• Scraped caption text data:
****************************************
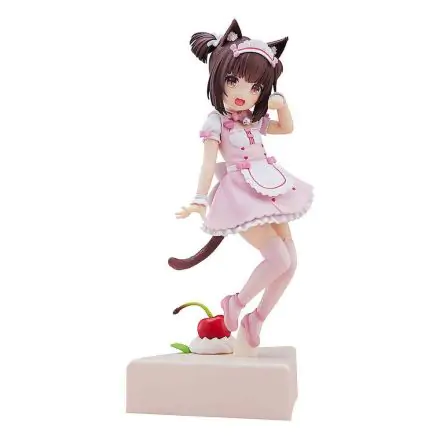 Nekopara PVC Statue 1/7 Chocola Pretty Kitty Style Pastel Sweet 20 cm Produktfoto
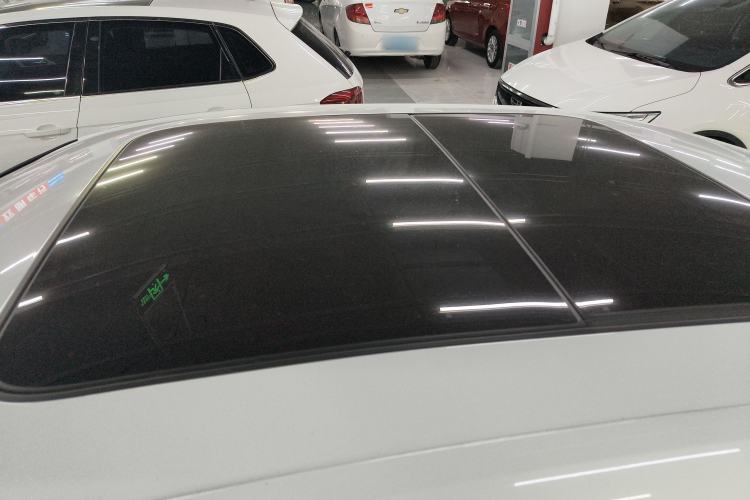 Used Audi A4L 2022 40 TFSI Fashion Dynamic Model Roof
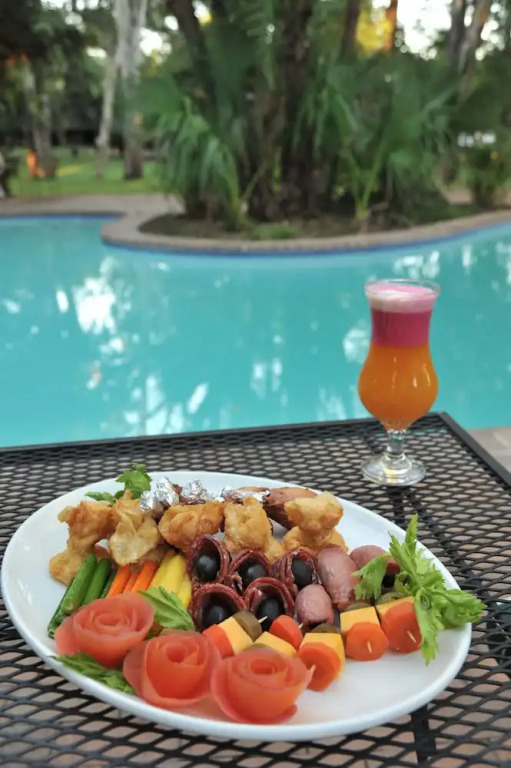 Cresta Marang Gardens Hotel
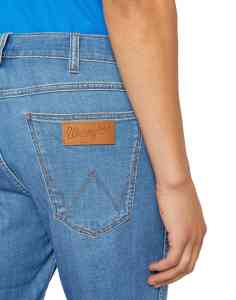 Wrangler 5 POCKET JEANS SHORT - EL ZONDA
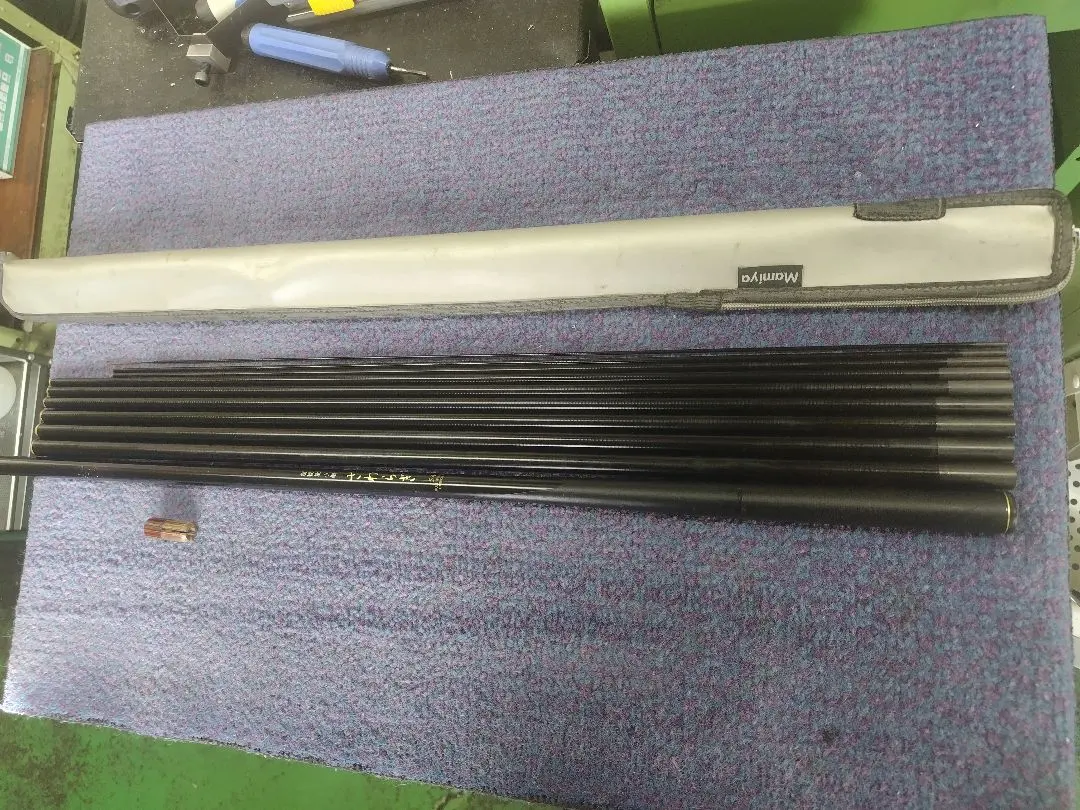 2026年最新】マミヤ 竿の人気アイテム - メルカリ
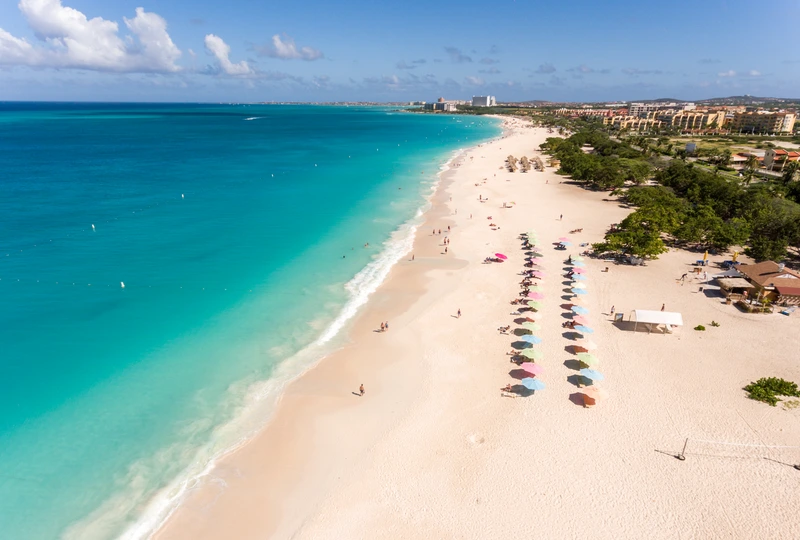 Paquete a Aruba desde Tucumán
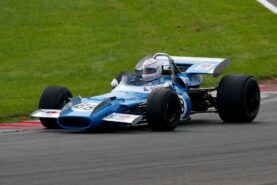 1969 Spanish Grand Prix remastered footage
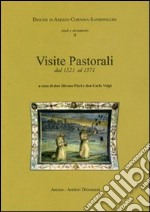 Visite pastorali dal 1521 al 1571 libro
****************************************
• What you will do: First drop every picture, then print the data above exactly as it stands.

• Answer area:
 Nekopara PVC Statue 1/7 Chocola Pretty Kitty Style Pastel Sweet 20 cm Produktfoto
 Used Audi A4L 2022 40 TFSI Fashion Dynamic Model Roof
 Cresta Marang Gardens Hotel
 Wrangler 5 POCKET JEANS SHORT - EL ZONDA
 2026年最新】マミヤ 竿の人気アイテム - メルカリ
 Paquete a Aruba desde Tucumán
 1969 Spanish Grand Prix remastered footage
 Visite pastorali dal 1521 al 1571 libro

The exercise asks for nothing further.